Information supplied ->
__________________________________________________

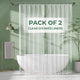 Clear - 72"W x 84"L (Pack of 2)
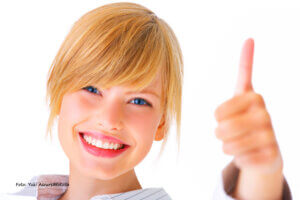 Thumbs up - Young female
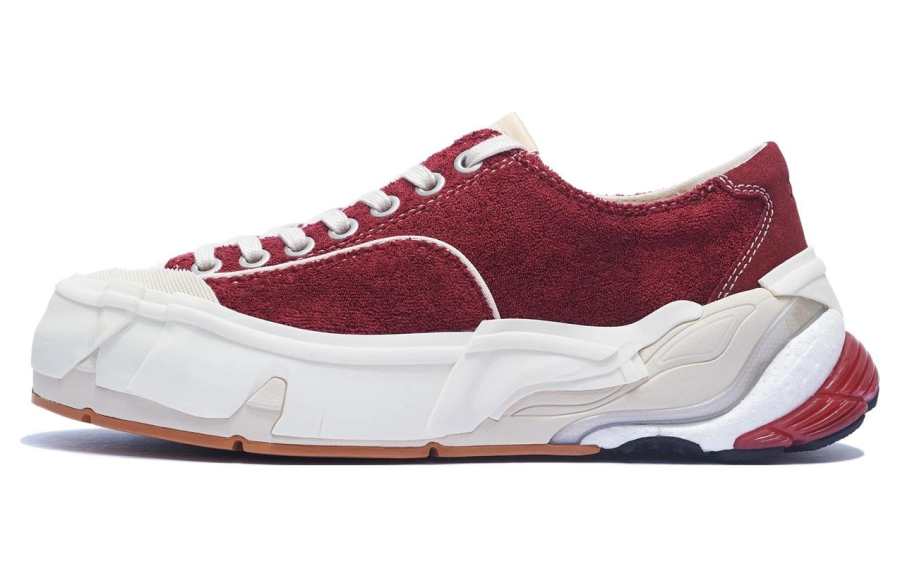 Li-Ning Li Ning Wuji Abrasion Resistant Breathable Low top Skateboard Shoes Women's Dark Crimson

__________________________________________________

Directions ->
Pictures must be left out. Return verbatim only the lines from the line with "Thumbs up - Young female" through the final line of the material above, including both ends.

Solution to this exercise ->
 Thumbs up - Young female
 Li-Ning Li Ning Wuji Abrasion Resistant Breathable Low top Skateboard Shoes Women's Dark Crimson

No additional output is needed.